━━━ Provided records ━━━

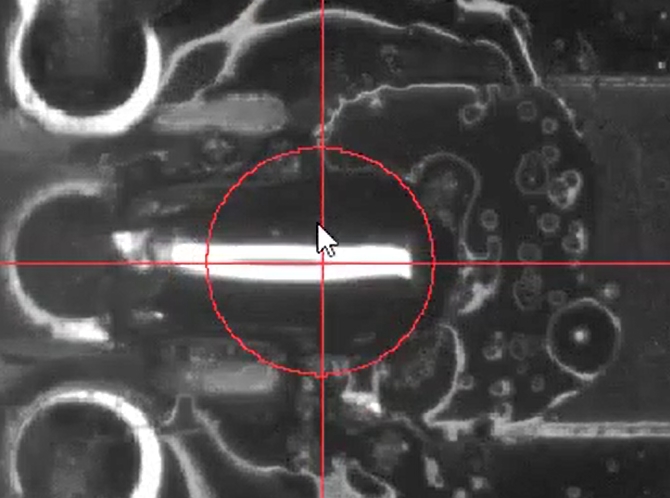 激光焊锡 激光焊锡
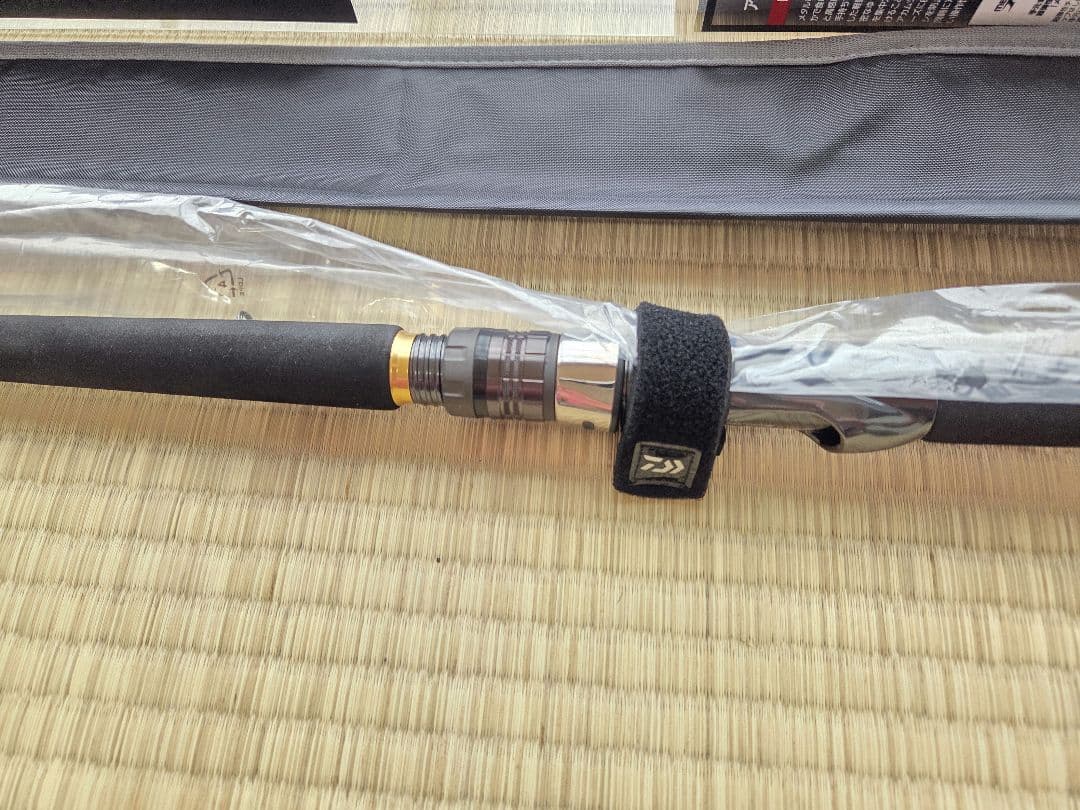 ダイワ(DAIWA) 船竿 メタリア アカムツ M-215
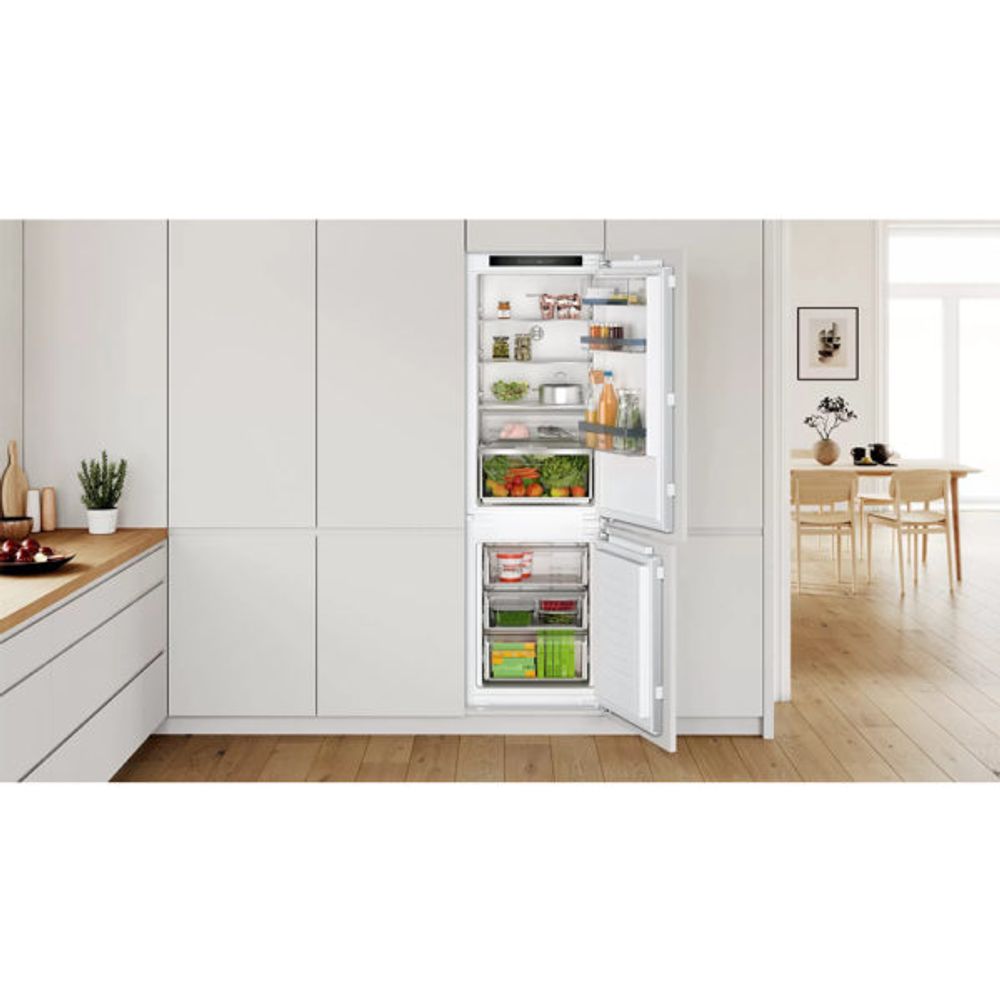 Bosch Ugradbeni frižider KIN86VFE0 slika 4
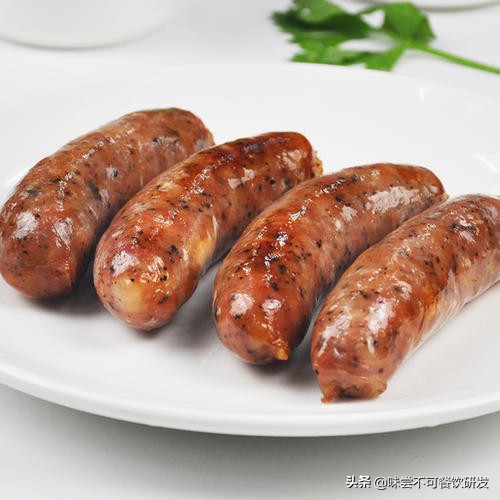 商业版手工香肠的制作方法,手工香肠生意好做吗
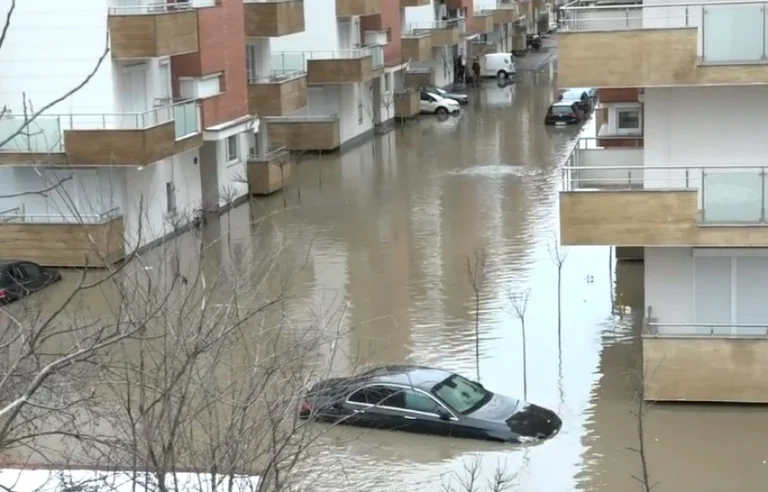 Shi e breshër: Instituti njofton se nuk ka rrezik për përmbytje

━━━

All of the entries above need to be transcribed exactly, except for the pictures.

• [Your solution]:
 激光焊锡 激光焊锡
 ダイワ(DAIWA) 船竿 メタリア アカムツ M-215
 Bosch Ugradbeni frižider KIN86VFE0 slika 4
 商业版手工香肠的制作方法,手工香肠生意好做吗
 Shi e breshër: Instituti njofton se nuk ka rrezik për përmbytje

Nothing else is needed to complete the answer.